:: Aim of the task ::
Give the lines below again exactly, starting with the line that holds "O cantor e compositor" and going on through the line that holds "wald Laptop-Aufkleber tropischer steg im üppigen wald".

:: Records supplied ::
****************************************

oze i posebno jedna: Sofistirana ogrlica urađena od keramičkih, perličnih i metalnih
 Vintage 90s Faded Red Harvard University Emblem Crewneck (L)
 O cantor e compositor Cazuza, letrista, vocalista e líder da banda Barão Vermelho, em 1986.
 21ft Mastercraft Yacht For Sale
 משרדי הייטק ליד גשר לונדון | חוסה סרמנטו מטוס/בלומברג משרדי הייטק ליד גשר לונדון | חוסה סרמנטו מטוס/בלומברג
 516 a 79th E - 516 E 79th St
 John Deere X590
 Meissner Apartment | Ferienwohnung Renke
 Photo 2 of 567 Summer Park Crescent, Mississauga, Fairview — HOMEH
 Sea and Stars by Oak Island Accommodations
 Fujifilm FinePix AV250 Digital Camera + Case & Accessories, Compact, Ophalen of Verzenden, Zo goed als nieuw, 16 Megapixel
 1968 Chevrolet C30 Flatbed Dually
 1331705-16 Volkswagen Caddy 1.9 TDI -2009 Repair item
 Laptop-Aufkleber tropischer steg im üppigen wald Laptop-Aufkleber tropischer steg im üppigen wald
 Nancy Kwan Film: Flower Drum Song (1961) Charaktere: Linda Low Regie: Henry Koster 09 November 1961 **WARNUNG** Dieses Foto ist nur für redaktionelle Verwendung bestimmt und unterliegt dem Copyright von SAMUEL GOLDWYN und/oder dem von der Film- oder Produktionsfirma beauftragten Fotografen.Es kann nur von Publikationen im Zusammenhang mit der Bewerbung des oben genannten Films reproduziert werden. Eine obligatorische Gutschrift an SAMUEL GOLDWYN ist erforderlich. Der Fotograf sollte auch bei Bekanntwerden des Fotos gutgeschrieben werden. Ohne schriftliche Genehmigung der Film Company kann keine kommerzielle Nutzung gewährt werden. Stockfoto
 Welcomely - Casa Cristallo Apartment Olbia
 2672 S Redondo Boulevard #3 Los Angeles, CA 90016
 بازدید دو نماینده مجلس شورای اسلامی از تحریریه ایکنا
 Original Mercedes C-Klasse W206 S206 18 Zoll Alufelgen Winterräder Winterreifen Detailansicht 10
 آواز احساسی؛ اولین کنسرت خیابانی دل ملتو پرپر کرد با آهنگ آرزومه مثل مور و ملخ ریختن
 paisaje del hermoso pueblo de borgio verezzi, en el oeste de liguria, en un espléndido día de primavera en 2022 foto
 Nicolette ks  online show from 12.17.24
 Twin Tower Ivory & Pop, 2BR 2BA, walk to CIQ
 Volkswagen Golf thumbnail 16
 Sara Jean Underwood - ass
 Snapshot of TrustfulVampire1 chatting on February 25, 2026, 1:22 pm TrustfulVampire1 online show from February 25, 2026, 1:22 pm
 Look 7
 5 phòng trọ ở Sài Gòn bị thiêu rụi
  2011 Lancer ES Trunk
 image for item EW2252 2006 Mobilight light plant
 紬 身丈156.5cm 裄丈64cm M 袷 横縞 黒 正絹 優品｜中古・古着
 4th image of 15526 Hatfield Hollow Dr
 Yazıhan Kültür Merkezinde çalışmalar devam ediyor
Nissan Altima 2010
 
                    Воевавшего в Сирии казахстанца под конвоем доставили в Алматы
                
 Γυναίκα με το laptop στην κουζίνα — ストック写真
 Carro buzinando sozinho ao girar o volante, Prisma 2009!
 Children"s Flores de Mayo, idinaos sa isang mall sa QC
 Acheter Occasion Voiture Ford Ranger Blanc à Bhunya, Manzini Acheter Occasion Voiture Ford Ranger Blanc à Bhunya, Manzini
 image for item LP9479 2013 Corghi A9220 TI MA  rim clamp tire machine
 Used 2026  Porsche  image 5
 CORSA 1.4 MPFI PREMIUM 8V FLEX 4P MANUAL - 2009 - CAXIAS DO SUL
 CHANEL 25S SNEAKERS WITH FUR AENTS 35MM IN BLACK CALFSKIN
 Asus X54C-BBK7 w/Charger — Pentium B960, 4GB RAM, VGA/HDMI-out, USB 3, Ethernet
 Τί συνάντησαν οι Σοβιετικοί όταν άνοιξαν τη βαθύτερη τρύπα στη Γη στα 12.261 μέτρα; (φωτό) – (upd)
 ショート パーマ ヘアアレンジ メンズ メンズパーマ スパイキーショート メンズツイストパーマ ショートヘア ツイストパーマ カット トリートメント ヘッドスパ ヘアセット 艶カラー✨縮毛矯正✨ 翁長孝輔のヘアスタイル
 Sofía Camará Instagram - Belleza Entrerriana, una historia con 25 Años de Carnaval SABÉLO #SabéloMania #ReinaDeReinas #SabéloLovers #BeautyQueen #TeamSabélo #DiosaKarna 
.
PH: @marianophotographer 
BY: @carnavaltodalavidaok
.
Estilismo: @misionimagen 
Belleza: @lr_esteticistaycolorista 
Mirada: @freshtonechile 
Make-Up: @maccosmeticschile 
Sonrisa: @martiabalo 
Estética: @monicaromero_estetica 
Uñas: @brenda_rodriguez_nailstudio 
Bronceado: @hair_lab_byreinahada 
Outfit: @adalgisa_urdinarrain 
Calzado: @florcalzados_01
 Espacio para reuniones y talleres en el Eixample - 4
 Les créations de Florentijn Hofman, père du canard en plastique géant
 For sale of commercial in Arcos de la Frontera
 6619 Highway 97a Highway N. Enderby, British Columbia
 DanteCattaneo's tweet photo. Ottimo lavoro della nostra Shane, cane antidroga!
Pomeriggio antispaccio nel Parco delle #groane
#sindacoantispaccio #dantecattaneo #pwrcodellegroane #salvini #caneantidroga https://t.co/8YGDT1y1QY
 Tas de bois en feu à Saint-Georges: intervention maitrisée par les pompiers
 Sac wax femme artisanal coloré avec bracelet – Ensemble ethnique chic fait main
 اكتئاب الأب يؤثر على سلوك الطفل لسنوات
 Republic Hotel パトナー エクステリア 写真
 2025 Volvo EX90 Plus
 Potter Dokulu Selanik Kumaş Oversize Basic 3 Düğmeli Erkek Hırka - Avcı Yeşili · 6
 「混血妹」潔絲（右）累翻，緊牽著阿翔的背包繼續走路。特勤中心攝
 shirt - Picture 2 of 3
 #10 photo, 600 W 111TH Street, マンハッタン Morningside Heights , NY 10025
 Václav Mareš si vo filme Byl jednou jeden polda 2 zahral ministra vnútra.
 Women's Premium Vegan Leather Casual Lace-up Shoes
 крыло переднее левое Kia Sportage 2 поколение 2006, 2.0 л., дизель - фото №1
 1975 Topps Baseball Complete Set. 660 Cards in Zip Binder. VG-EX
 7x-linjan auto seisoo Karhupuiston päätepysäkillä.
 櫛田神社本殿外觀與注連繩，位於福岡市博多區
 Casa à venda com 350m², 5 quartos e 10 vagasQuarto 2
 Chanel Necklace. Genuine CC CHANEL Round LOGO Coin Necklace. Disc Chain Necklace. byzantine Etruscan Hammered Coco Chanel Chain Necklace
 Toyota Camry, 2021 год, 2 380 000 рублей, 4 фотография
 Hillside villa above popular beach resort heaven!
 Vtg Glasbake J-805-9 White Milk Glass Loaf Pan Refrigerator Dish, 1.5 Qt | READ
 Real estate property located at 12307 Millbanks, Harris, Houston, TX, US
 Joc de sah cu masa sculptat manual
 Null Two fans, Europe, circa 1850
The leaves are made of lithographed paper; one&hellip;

****************************************

:: Solution below ::
 O cantor e compositor Cazuza, letrista, vocalista e líder da banda Barão Vermelho, em 1986.
 21ft Mastercraft Yacht For Sale
 משרדי הייטק ליד גשר לונדון | חוסה סרמנטו מטוס/בלומברג משרדי הייטק ליד גשר לונדון | חוסה סרמנטו מטוס/בלומברג
 516 a 79th E - 516 E 79th St
 John Deere X590
 Meissner Apartment | Ferienwohnung Renke
 Photo 2 of 567 Summer Park Crescent, Mississauga, Fairview — HOMEH
 Sea and Stars by Oak Island Accommodations
 Fujifilm FinePix AV250 Digital Camera + Case & Accessories, Compact, Ophalen of Verzenden, Zo goed als nieuw, 16 Megapixel
 1968 Chevrolet C30 Flatbed Dually
 1331705-16 Volkswagen Caddy 1.9 TDI -2009 Repair item
 Laptop-Aufkleber tropischer steg im üppigen wald Laptop-Aufkleber tropischer steg im üppigen wald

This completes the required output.